Cook County Circuit Court Judge
- In office 1986–2018
- Preceded by: Reginald Holzer

President of the Illinois State Bar Association
- In office 1977–1978
- Preceded by: Francis J. Householter
- Succeeded by: Lloyd J. Tyler

Personal details
- Born: Carole Kamin May 24, 1935 Chicago, Illinois, U.S.
- Died: May 29, 2026 (aged 91)
- Children: 3

= Carole Bellows =

American judge (1935–2026)

Carole Kamin Bellows (May 24, 1935 – May 29, 2026) was an American judge who was the president of the Illinois Bar Association. Elected in 1977, Bellows was the first woman to serve as the president of a State Bar association. Bellows later served as a Circuit Court judge in Cook County, Illinois from 1986 to 2018.

== Background ==
Bellows was born on May 24, 1935, in Chicago, Illinois. Her father Alfred Kamin had been a labor attorney who was notable for representing John L. Lewis and the United Mine Workers. He later became a professor of labor law at Loyola University Chicago. Bellows' mother Sara Kamin was an Illinois lawyer. Bellows' husband Jason Bellows was a member of the Illinois Bar until his death in 1980.

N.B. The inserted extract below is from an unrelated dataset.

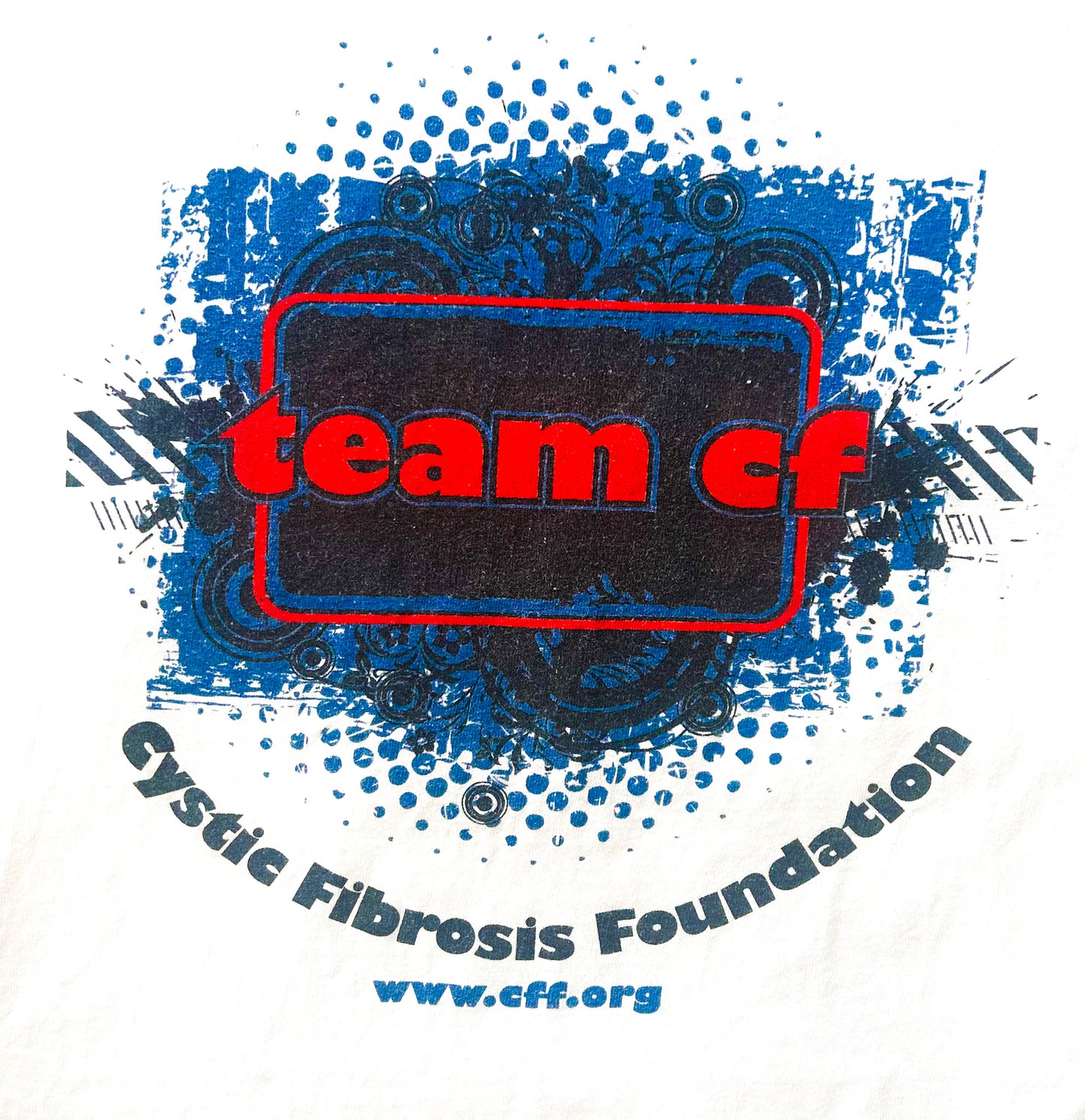 Vintage 2000s Team CF Cystic Fibrosis Foundation Graphic T-Shirt | Gildan Ultra Cotton White Charity Promo Tee Size-Large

In 1953, Bellows attended University of Illinois class of 1957 where she studied political science. She also ran for the student government, becoming a student senator and an officer of the independent women's group. Bellows later attended law school at Northwestern University, and graduated in the class of 1960.

Bellows died on May 29, 2026, at the age of 91.

== Career ==
Bellows began her career as a clerk to the Chief Judge of the Illinois Court of Claims. In June 1961, Bellows was appointed to serve on the Bill of Rights Committee of the Illinois State Bar Association. Bellows was elected to the Board of Governors in 1969 where she served until 1979. Bellows became the first woman in the United States to be elected as president of a State Bar Association when she was elected president of the Illinois State Bar Association, where she served from 1977 to 1978. Bellows also served as a delegate to the American Bar Association House of Delegates from 1975 to 1988. Bellows was elected Illinois State Delegate in 1978, also serving as chairperson of the Fellows of the American Bar Foundation. Bellows served on the Council of the Section from 1967 to 1977, and she served as chairperson of the ABA Standing Committee on Bar Activities and Services from 1983 to 1985.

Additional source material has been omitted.